KEXP-FM (90.3 MHz) is a non-commercial radio station licensed to Seattle, Washington, United States, specializing in alternative and indie rock programmed by its disc jockeys for the Seattle metropolitan area. The station is owned by the non-profit Friends of KEXP. KEXP hosts weekly programs dedicated to other musical genres, such as rockabilly, blues, world music, hip hop, electronica, punk, and alternative country. Live, in-studio performances by artists are also regularly scheduled. KEXP's studios are located at Seattle Center, while the transmitter is in the city's Capitol Hill neighborhood. In addition to a standard analog transmission, KEXP is available online.

KEXP was started as KCMU, the student-run station of the University of Washington (UW), in 1972. It became recognized for its significant impact on the regional music scene, including being the first station to play Nirvana and Soundgarden in the late 1980s. In the 1990s, it went through several significant changes, including a multi-year standoff between management and some DJs over programming policies. After partnering with the Experience Music Project, now the Museum of Pop Culture, in 2001, the station began to grow into one with an international listener base thanks to an early investment in internet streaming and its website. UW transferred the license to Friends of KEXP in 2014; as part of the agreement, KEXP is still considered an affiliate of the university.

History

KCMU: The early years
The University of Washington (UW)'s involvement in radio broadcasting dates to the 1952 launch of KUOW-FM, which moved to 94.9 MHz in 1958. The station served as an environment for training communications students and provided classical music, fine arts, and sports programming. However, in the early 1970s, university budget cuts led to an increased professionalization of that station and decreased student involvement.
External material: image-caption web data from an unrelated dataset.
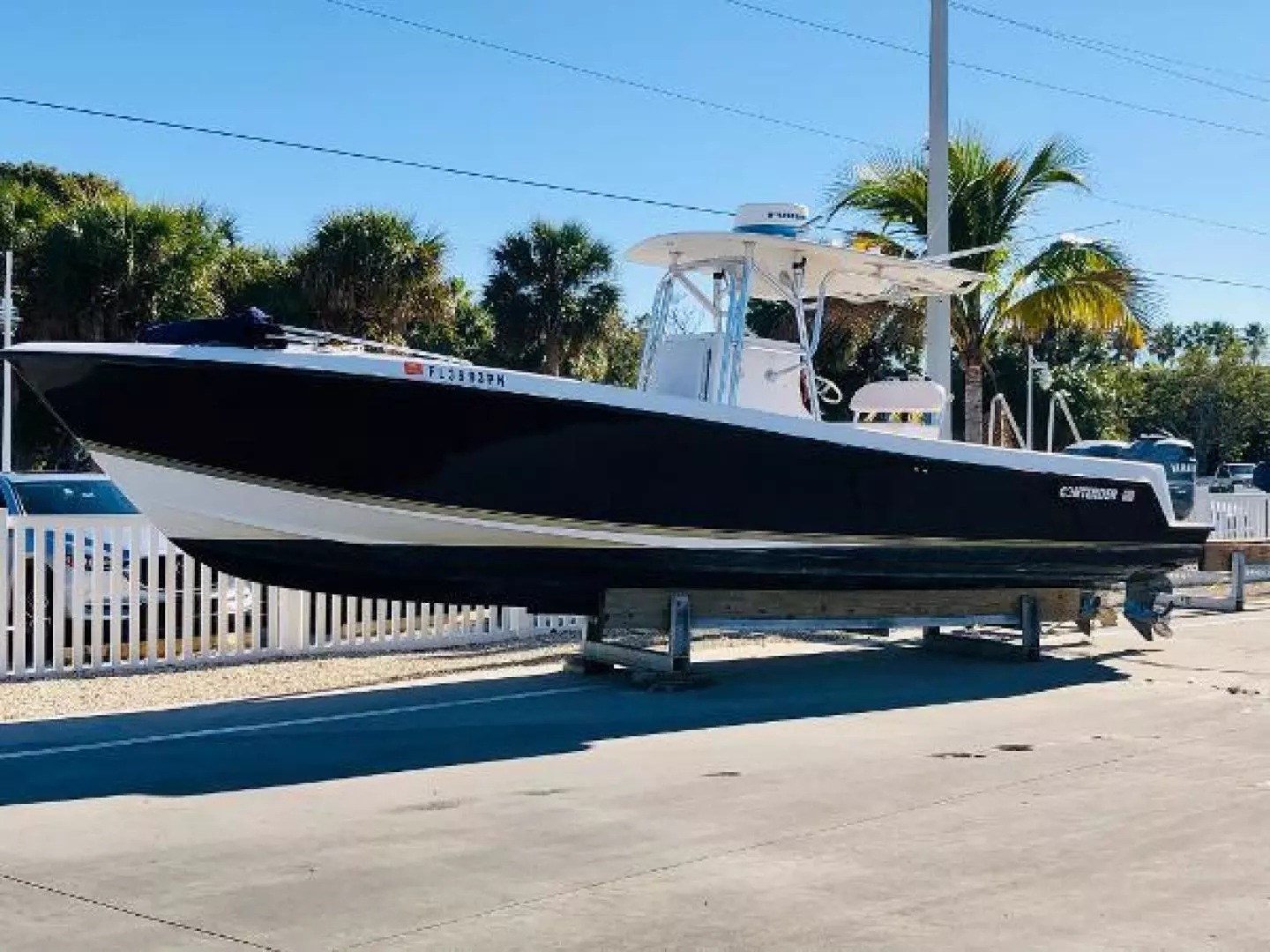 2004 Contender 31 Open - Image 3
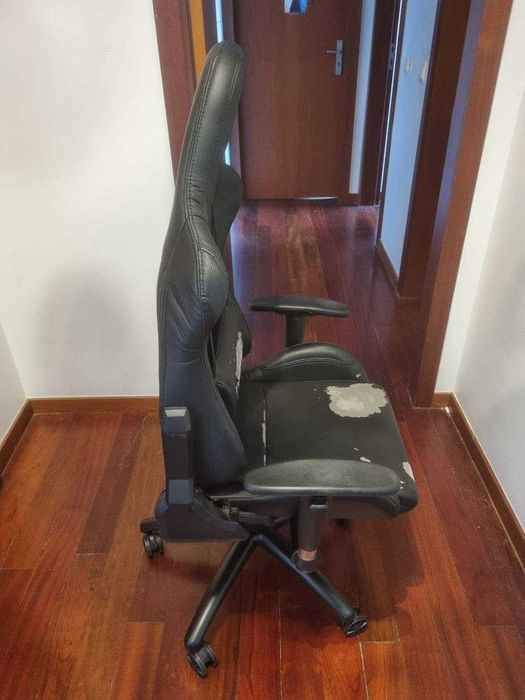 Cadeira Gaming Alpha Gamer — Com Sinais de Uso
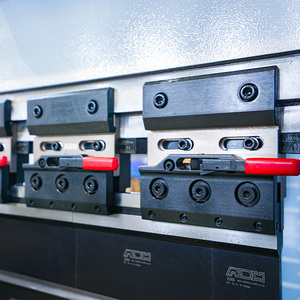 Sheet Metal <strong>Bending</strong> <strong>Machine</strong> <strong>CNC</strong> Hydraulic 200/4000 Ton Press Brake - Product Image 4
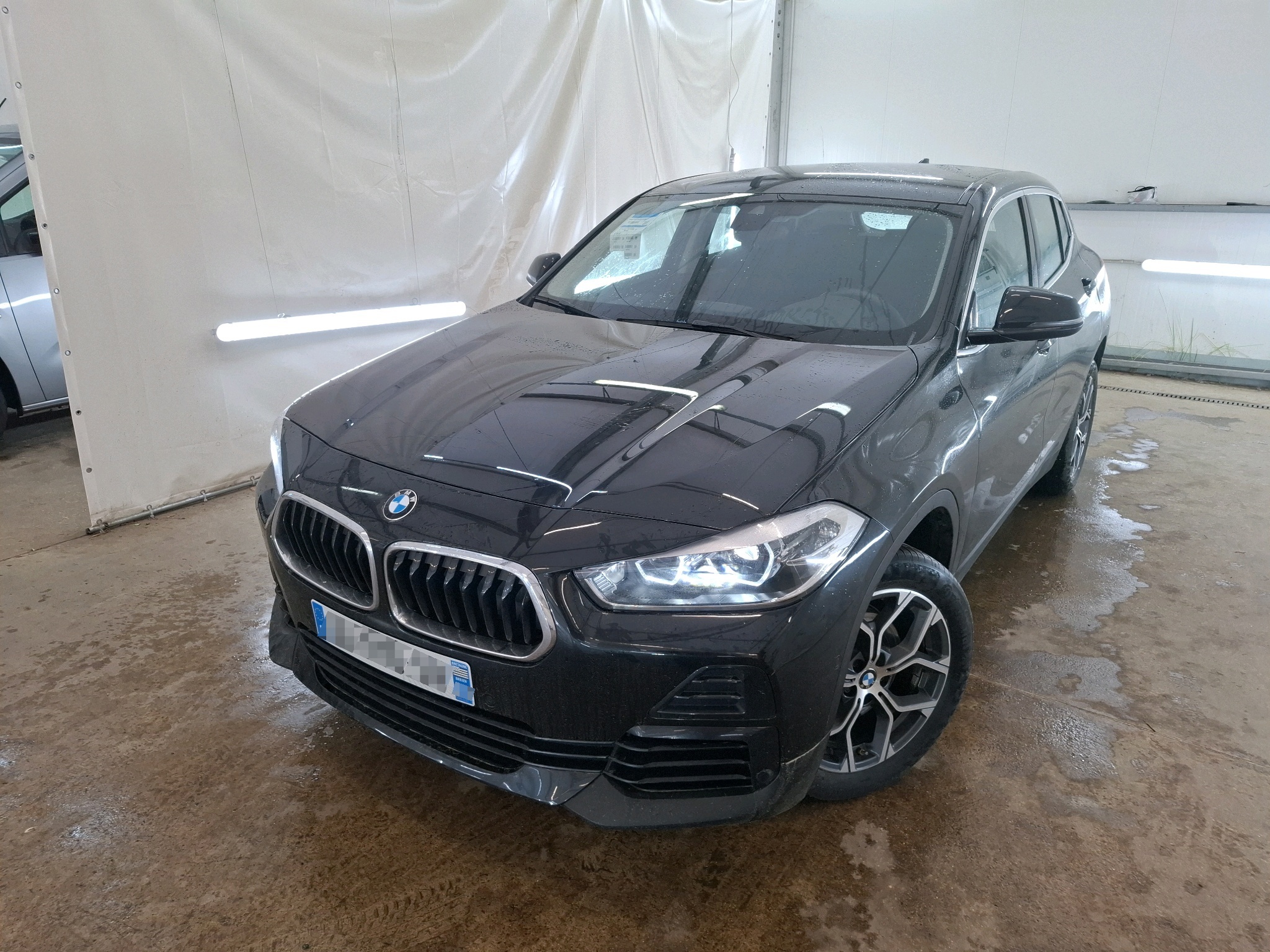 BMW X2 sDrive18i 136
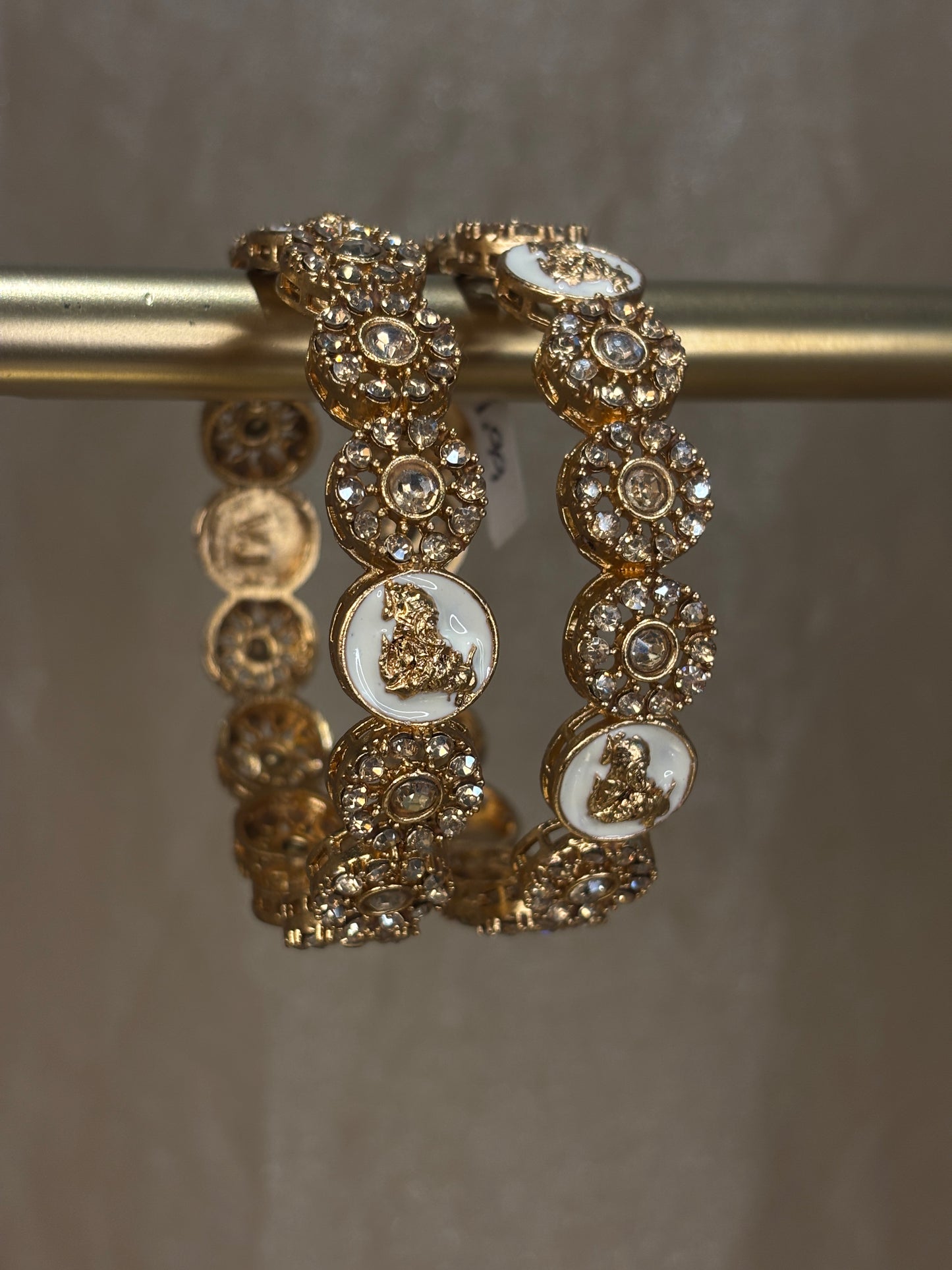 Yellow gold kare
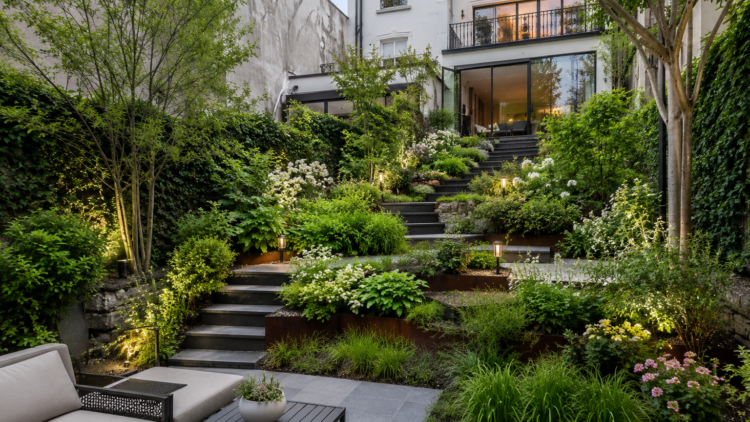 Aménagement jardin en pente : l&rsquo;approche d&rsquo;un paysagiste haut de gamme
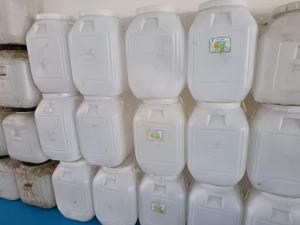 出售小白桶，大蓝桶，小白桶200多个，大蓝桶500个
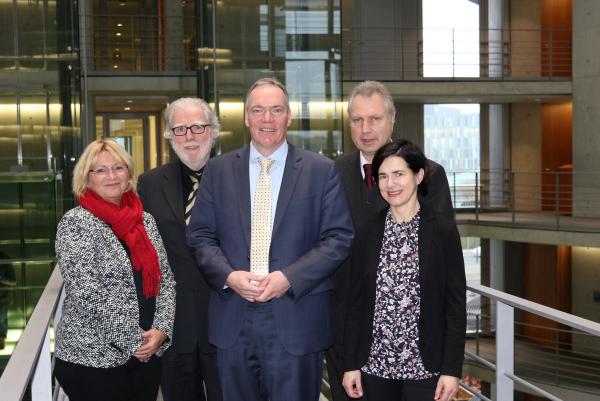 IfKom: Künstliche Intelligenz (KI) - Risiken und Chancen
As a result, four UW undergraduates—John Kean, Cliff Noonan, Victoria ("Tory") Fiedler, and Brent Wilcox—began formulating a plan to create a second UW station, one that would be run by students. Noonan felt that there was insufficient student media in a time marked by student activism and protests; there was a student newspaper, the University of Washington Daily, and Noonan had come from San Francisco, where he was aware of other college stations. The four students formulated a proposal and were able to secure the backing of the UW Board of Regents, which promised funding if the students could get a station approved by the Federal Communications Commission (FCC). On July 13, 1971, UW filed an application for a new 10-watt non-commercial educational station on 90.5 MHz, which would be located in the Communications Building (abbreviated CMU on campus maps).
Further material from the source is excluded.